Kirimi v Gakii (Civil Appeal 97 of 2021) [2024] KECA 1061 (KLR) (24 May 2024) (Judgment)

Kirimi v Gakii (Civil Appeal 97 of 2021) [2024] KECA 1061 (KLR) (24 May 2024) (Judgment)

1.This is a first appeal against the ruling of the High Court of Kenya at Meru (Ong’injo, J.), delivered on 24th January 2019, relating to the estate of Francis Guantai Mugambi (the deceased), who died on 8th November 2010. According to the pleadings filed, the deceased died intestate. He was 50 years old at the time of his death. He was survived by his widow, the appellant, and five adult children namely: Faith Gatwiri, Nicholas Koome, Samuel Kirimi, Fred Murimi and Joan Mukami.
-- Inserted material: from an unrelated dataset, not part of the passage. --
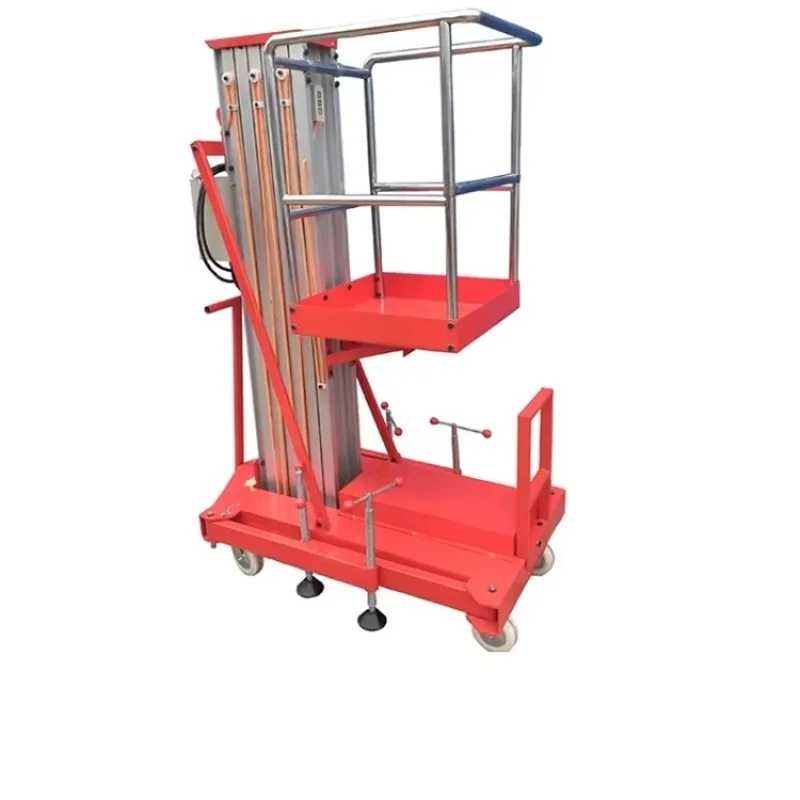 4m 6m 8m 10m 12m Mast Aluminum Mobile Hydraulic Electric One Man Lift Two Person Lift Ladder Mast Lift with Wheel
2.The deceased’s properties were listed as: LR . No. Ntima/Igoki/5968, measuring approximately 0.015 Ha; and Abogeta/Lower-Chure/1167.
3.On 24th August 2012, the appellant petitioned the High Court for a grant of letters of administration intestate, which grant was issued to her on 21st January 2013. The appellant later filed summons for confirmation of the grant on 17th October 2013.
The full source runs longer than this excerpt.